__INPUT__
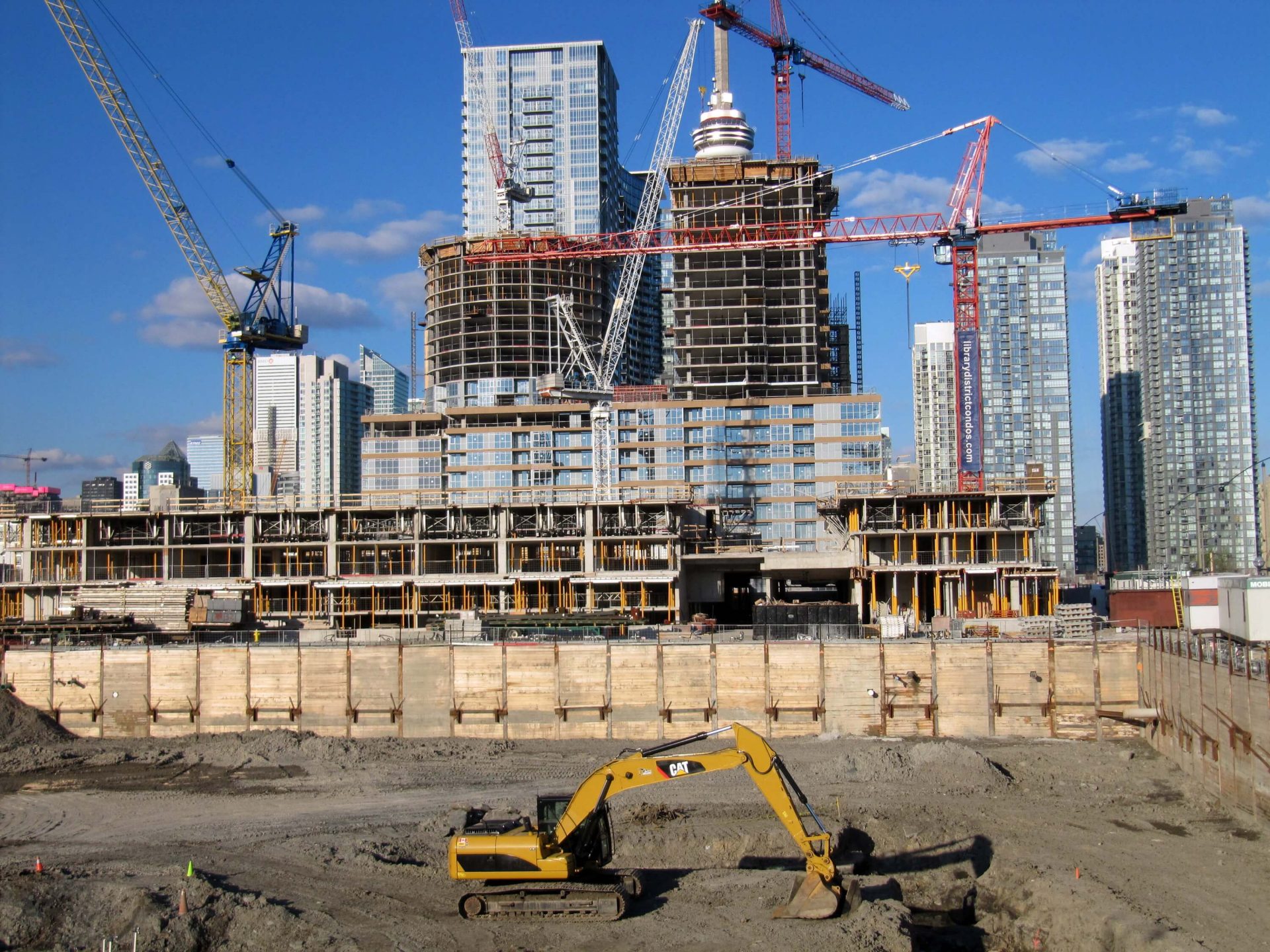 temperature differential in mass concrete elements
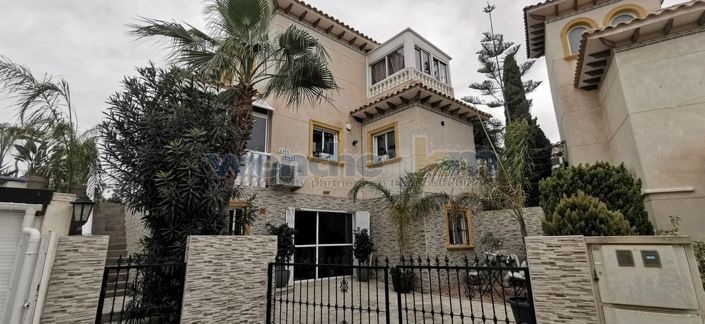 Image No.3-4 Bed Villa for sale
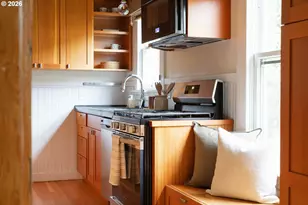 1020 NE Sumner St, Portland, OR 97211 - Photo 16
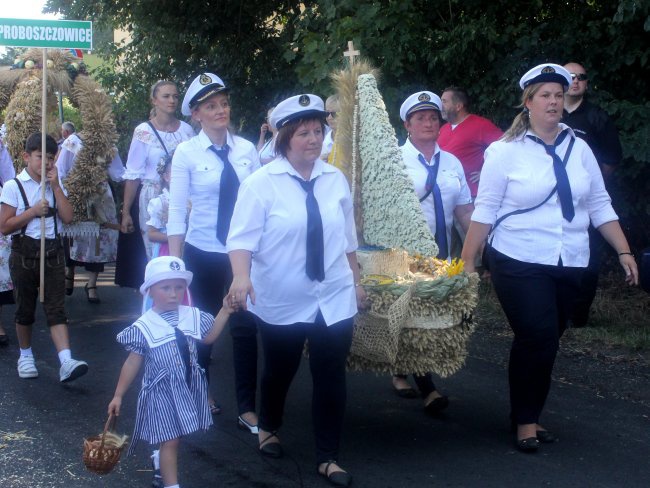 Korowód dożynkowy w Poniszowicach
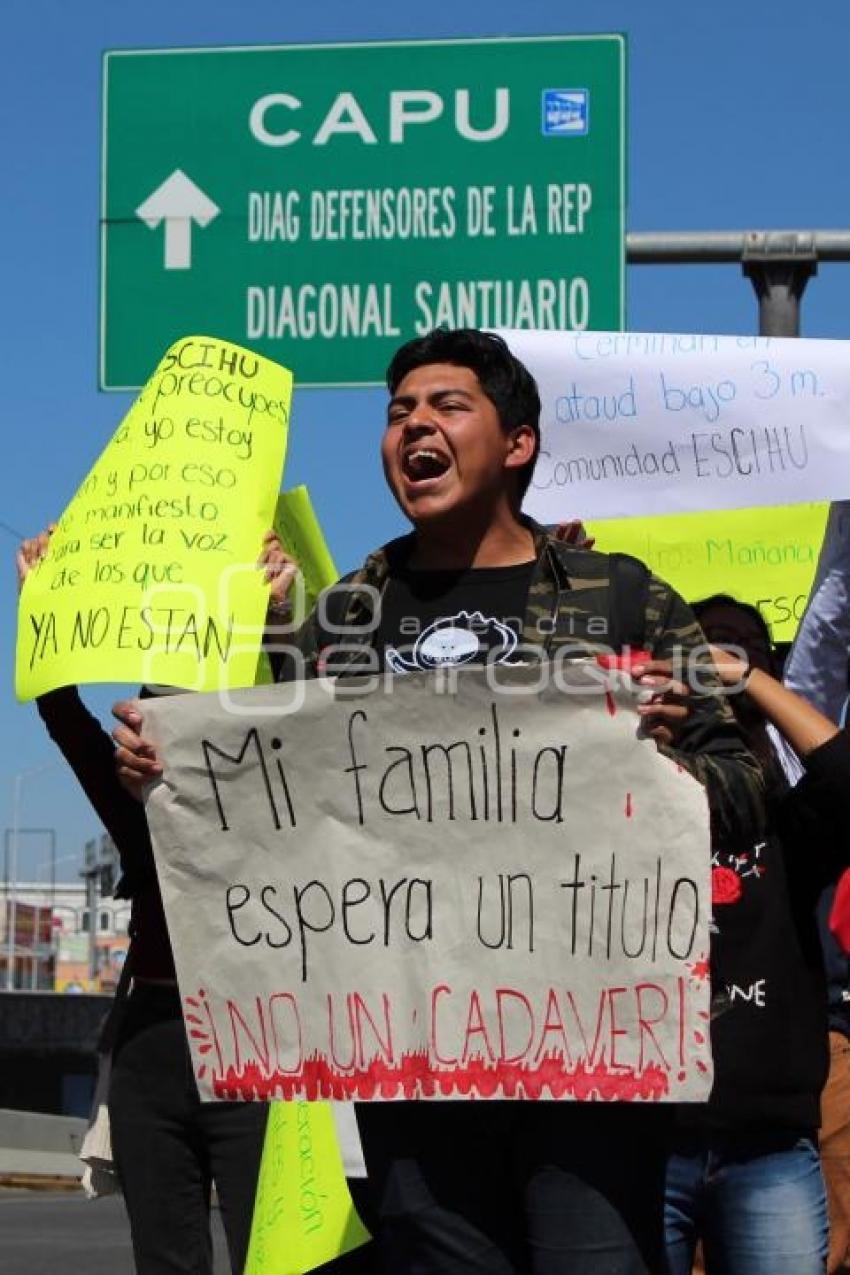 MARCHA ESTUDIANTES UTP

__EXERCISE OBJECTIVE__
Pictures are to be left out. Otherwise, copy the material above exactly.

__EXERCISE ANSWER__
 temperature differential in mass concrete elements
 Image No.3-4 Bed Villa for sale
 1020 NE Sumner St, Portland, OR 97211 - Photo 16
 Korowód dożynkowy w Poniszowicach
 MARCHA ESTUDIANTES UTP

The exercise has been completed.